# Information provided
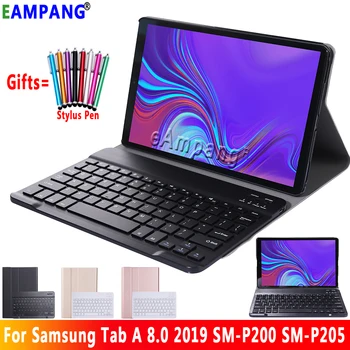 За Samsung Galaxy Tab A 8,0 2019 (версия на S Pen) Калъф за клавиатура P200 P205 SM-P200 SM-P205 Кожен Калъф за безжична клавиатура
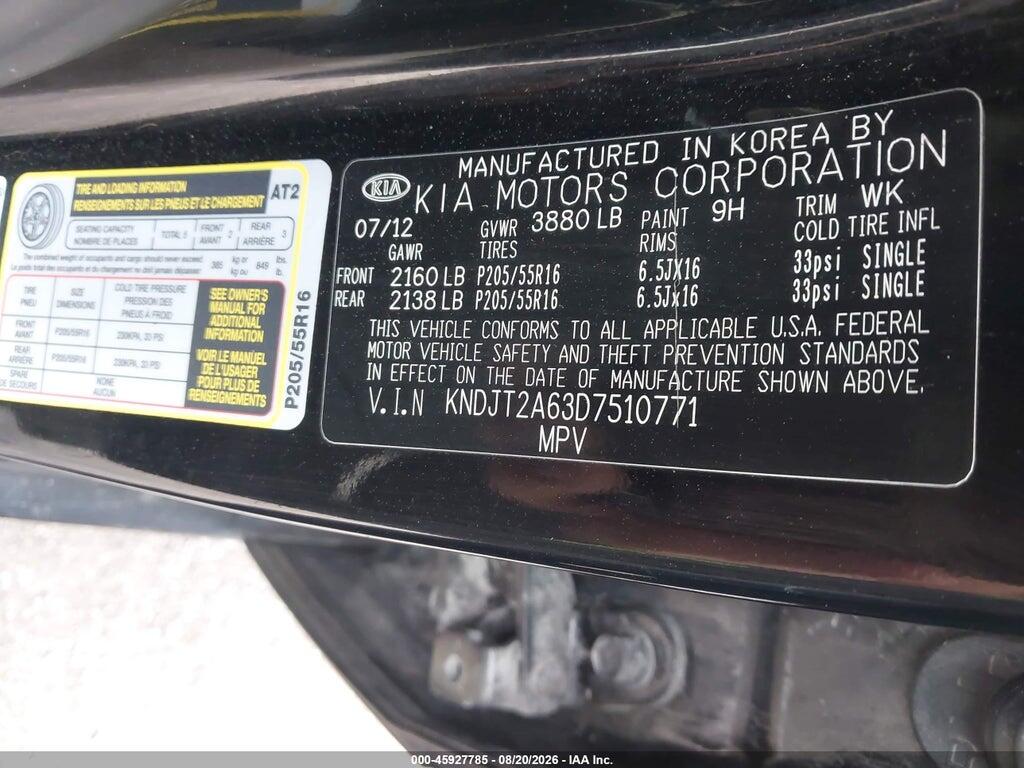KNDJT2A63D7510771 2013 KIA SOUL photo no. 9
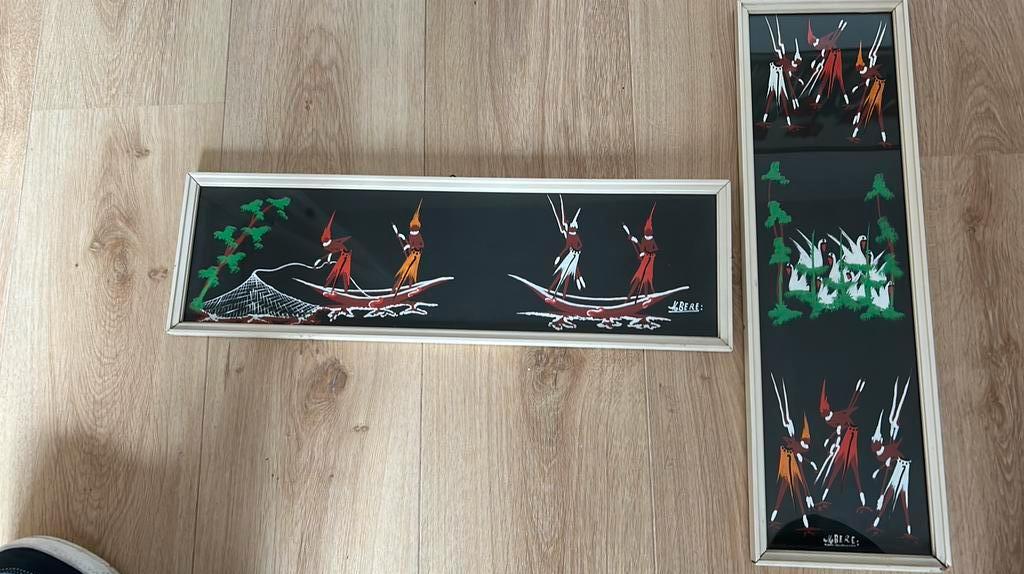 Schilderijen Nigeria Afrika vintage, Antiek en Kunst, Ophalen of Verzenden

# Task prompt
The required output is each line above restated verbatim, with all images omitted.

# Solution below
 За Samsung Galaxy Tab A 8,0 2019 (версия на S Pen) Калъф за клавиатура P200 P205 SM-P200 SM-P205 Кожен Калъф за безжична клавиатура
KNDJT2A63D7510771 2013 KIA SOUL photo no. 9
 Schilderijen Nigeria Afrika vintage, Antiek en Kunst, Ophalen of Verzenden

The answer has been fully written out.